__Data for the task__:
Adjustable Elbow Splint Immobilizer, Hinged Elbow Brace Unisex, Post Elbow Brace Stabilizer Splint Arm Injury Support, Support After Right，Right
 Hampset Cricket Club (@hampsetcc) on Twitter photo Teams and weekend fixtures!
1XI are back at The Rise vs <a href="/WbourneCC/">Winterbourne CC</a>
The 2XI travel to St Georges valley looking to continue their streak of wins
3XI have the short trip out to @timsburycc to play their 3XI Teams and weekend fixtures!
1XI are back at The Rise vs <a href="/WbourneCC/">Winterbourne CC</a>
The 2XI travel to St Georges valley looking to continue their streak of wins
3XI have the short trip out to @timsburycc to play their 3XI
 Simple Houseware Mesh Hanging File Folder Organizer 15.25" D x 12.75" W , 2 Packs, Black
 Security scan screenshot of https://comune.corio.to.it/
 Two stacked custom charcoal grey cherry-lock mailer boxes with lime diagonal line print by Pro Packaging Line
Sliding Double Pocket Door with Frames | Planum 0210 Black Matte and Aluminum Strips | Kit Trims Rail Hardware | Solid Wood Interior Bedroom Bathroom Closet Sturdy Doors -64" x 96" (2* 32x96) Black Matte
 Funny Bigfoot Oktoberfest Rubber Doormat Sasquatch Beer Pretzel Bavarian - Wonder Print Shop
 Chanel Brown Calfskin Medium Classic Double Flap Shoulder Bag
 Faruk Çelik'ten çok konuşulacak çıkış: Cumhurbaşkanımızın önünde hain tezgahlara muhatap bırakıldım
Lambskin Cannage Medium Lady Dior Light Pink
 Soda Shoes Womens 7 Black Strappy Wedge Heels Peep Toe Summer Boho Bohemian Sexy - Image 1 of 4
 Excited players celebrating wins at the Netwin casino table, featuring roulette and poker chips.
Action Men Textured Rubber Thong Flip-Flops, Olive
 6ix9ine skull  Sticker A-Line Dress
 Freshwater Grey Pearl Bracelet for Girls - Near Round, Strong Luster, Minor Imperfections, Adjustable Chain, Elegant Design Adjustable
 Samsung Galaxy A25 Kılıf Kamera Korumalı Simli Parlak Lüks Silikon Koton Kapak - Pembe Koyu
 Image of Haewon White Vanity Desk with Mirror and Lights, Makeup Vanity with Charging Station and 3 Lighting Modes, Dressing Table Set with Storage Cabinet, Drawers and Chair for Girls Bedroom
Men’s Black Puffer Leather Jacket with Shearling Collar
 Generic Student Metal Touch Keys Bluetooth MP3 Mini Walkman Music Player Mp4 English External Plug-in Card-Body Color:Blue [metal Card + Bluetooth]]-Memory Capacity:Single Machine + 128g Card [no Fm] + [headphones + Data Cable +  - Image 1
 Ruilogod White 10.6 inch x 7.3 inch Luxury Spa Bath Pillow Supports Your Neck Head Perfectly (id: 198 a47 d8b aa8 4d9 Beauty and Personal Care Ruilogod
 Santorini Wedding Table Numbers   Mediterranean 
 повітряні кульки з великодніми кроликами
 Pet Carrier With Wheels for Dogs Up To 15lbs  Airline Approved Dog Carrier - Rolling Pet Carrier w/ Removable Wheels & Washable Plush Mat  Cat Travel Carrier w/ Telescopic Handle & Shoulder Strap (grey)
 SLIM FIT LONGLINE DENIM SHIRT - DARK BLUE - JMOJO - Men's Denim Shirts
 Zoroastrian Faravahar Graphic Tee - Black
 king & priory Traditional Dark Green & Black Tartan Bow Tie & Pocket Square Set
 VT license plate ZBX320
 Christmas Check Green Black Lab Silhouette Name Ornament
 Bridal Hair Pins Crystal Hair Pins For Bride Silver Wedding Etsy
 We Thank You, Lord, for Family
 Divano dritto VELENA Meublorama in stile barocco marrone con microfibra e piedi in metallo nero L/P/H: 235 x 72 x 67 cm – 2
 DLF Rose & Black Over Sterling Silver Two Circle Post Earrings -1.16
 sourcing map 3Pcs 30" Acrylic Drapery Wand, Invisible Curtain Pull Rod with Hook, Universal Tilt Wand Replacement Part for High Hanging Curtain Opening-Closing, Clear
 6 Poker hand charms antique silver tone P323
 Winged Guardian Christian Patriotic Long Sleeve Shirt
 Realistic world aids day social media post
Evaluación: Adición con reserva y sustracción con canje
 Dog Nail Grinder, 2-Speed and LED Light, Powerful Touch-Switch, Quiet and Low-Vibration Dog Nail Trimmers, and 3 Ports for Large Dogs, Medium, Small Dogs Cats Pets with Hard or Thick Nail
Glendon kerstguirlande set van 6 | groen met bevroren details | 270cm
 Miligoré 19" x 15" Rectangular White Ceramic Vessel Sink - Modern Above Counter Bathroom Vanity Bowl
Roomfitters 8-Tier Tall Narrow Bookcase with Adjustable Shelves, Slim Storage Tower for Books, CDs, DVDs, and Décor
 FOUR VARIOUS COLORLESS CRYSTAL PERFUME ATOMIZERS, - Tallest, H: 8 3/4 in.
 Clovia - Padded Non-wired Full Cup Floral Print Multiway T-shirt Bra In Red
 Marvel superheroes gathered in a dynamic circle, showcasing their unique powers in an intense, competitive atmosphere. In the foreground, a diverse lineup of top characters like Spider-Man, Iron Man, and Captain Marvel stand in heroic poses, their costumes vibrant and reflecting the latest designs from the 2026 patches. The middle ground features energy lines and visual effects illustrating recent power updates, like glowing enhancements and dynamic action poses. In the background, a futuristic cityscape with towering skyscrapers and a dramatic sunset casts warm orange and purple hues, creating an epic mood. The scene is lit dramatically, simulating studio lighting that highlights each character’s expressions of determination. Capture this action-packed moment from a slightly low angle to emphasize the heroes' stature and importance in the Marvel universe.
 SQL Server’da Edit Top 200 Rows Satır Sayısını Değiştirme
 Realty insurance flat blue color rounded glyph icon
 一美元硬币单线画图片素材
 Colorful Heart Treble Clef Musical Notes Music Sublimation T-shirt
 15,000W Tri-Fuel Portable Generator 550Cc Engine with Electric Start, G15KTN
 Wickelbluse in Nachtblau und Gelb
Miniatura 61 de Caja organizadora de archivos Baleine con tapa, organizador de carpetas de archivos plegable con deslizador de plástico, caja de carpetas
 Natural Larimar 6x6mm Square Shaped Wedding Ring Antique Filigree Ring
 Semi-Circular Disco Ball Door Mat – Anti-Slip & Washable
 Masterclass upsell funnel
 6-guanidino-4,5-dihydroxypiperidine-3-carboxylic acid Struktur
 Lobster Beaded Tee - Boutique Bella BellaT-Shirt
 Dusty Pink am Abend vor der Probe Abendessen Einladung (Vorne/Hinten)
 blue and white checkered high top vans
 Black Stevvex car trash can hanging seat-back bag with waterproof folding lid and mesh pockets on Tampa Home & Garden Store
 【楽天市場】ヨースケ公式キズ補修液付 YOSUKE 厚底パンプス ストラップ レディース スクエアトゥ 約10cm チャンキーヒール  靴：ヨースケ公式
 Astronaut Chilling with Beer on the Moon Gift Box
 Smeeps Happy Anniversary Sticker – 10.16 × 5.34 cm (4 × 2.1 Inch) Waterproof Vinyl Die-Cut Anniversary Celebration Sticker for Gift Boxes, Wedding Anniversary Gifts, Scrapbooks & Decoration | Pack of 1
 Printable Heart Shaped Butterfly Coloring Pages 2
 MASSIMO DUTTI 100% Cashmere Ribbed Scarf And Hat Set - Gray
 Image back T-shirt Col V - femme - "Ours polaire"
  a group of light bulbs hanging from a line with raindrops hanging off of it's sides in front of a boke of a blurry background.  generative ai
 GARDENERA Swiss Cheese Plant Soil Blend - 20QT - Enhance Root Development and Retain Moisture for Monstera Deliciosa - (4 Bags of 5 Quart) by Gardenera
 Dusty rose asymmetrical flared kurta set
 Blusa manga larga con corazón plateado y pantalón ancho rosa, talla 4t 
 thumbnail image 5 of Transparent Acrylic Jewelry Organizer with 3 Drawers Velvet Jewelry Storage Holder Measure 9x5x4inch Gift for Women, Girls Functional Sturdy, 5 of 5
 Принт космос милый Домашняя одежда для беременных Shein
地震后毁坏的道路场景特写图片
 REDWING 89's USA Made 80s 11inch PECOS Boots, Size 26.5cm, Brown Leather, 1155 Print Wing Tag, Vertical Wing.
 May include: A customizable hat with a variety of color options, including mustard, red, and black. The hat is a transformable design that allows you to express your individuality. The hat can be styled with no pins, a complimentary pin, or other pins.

__Assignment__: Copy out the entries exactly. Begin at the first line and end with the line that has "Chanel Brown Calfskin".

__Exercise result__:
Adjustable Elbow Splint Immobilizer, Hinged Elbow Brace Unisex, Post Elbow Brace Stabilizer Splint Arm Injury Support, Support After Right，Right
 Hampset Cricket Club (@hampsetcc) on Twitter photo Teams and weekend fixtures!
1XI are back at The Rise vs <a href="/WbourneCC/">Winterbourne CC</a>
The 2XI travel to St Georges valley looking to continue their streak of wins
3XI have the short trip out to @timsburycc to play their 3XI Teams and weekend fixtures!
1XI are back at The Rise vs <a href="/WbourneCC/">Winterbourne CC</a>
The 2XI travel to St Georges valley looking to continue their streak of wins
3XI have the short trip out to @timsburycc to play their 3XI
 Simple Houseware Mesh Hanging File Folder Organizer 15.25" D x 12.75" W , 2 Packs, Black
 Security scan screenshot of https://comune.corio.to.it/
 Two stacked custom charcoal grey cherry-lock mailer boxes with lime diagonal line print by Pro Packaging Line
Sliding Double Pocket Door with Frames | Planum 0210 Black Matte and Aluminum Strips | Kit Trims Rail Hardware | Solid Wood Interior Bedroom Bathroom Closet Sturdy Doors -64" x 96" (2* 32x96) Black Matte
 Funny Bigfoot Oktoberfest Rubber Doormat Sasquatch Beer Pretzel Bavarian - Wonder Print Shop
 Chanel Brown Calfskin Medium Classic Double Flap Shoulder Bag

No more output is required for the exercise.